Everything from the line that contains "Warner Point Trail trailhead sign" through the last line below should be transcribed exactly, except the pictures.

##### Input material

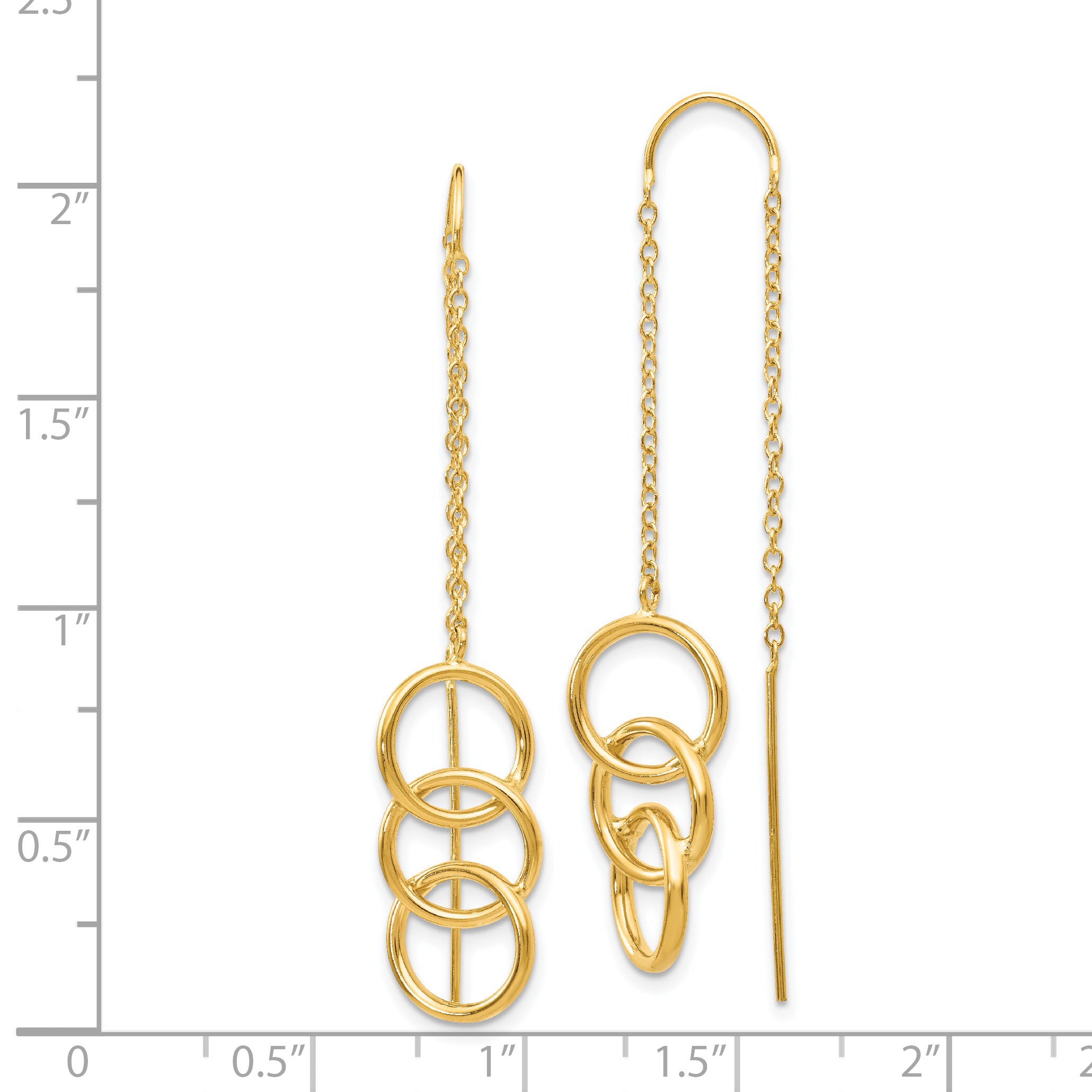 14k Triple Circle Threader Earrings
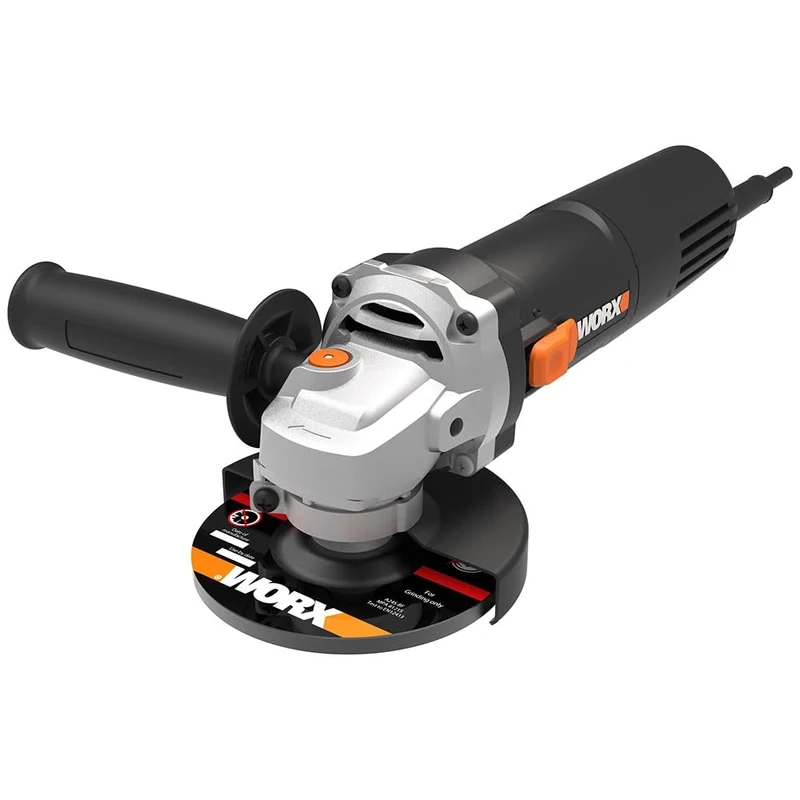 WORX 750W WX717 Angle Grinder, 115mm Disc, 11000RPM, Comes with Auxiliary Handle and Metal Grinding Disc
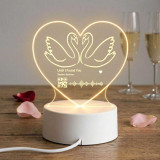 Personalized Swan Artwork Heart LED Music Lamp SK-3217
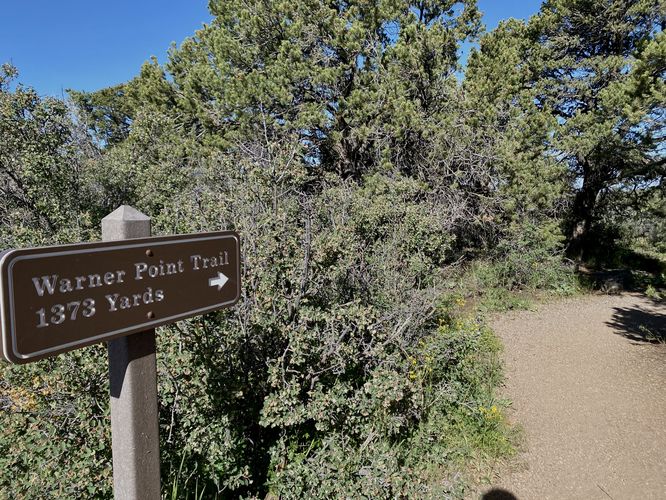 Warner Point Trail trailhead sign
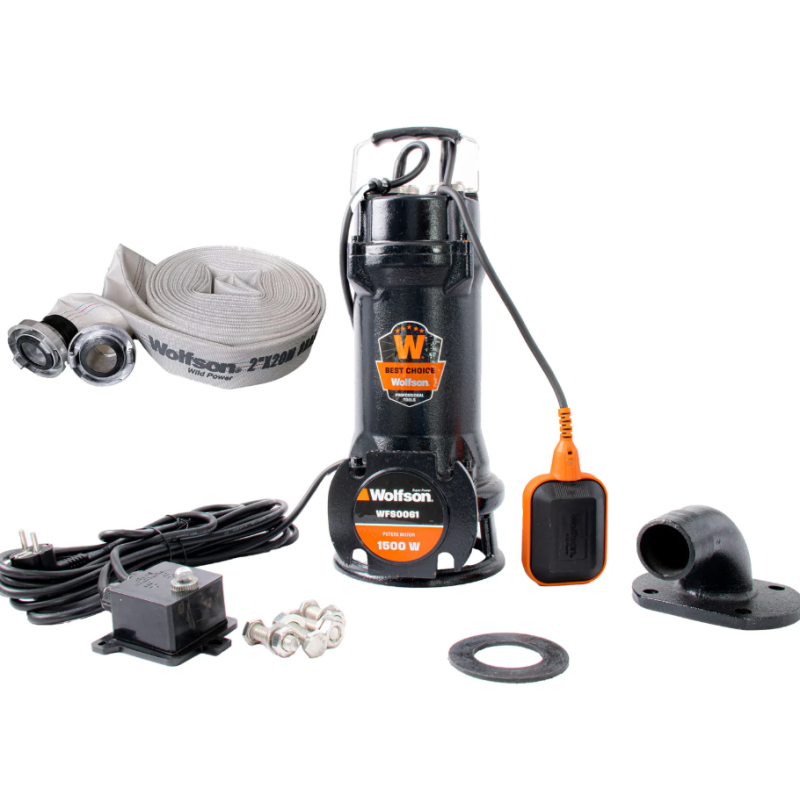 Pompa submersibila profesionala cu tocator Wolfson pentru apa murdara PWT-7500-F, 1500W, debit max 1800l/h - 2 toli + Furtun pompieri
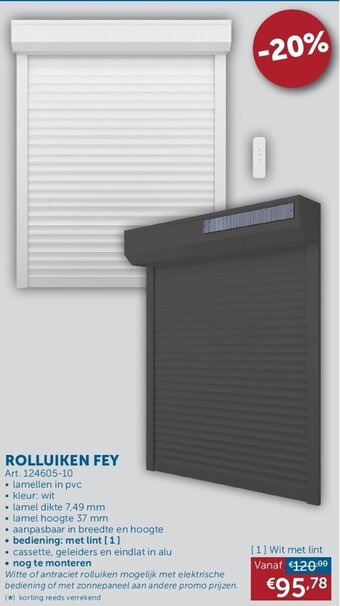 Zelfbouwmarkt ROLLUIKEN FEY • bediening: met lint [1] aanbieding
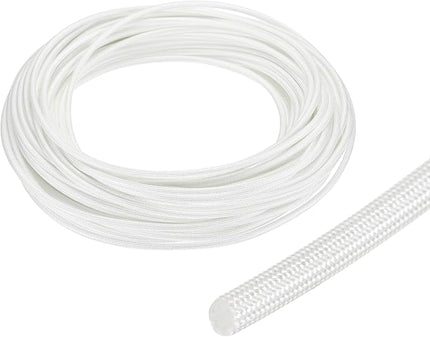 uxcell Insulation Cable Protector,2mm/0.08 Inch-20m/66 Feet High Temp Fiberglass Sleeve White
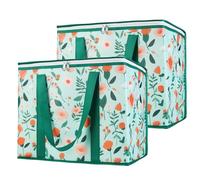 Bodaon 2-Pack Insulated Reusable Grocery Shopping Bags, X-Large Picnic Cooler Bag with Zipper/Zippered Top Cold, Insulated Food/Pizza Delivery Bag for Catering/Doordash/Uber Eats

##########

Task solution
 Warner Point Trail trailhead sign
 Pompa submersibila profesionala cu tocator Wolfson pentru apa murdara PWT-7500-F, 1500W, debit max 1800l/h - 2 toli + Furtun pompieri
 Zelfbouwmarkt ROLLUIKEN FEY • bediening: met lint [1] aanbieding
 uxcell Insulation Cable Protector,2mm/0.08 Inch-20m/66 Feet High Temp Fiberglass Sleeve White
 Bodaon 2-Pack Insulated Reusable Grocery Shopping Bags, X-Large Picnic Cooler Bag with Zipper/Zippered Top Cold, Insulated Food/Pizza Delivery Bag for Catering/Doordash/Uber Eats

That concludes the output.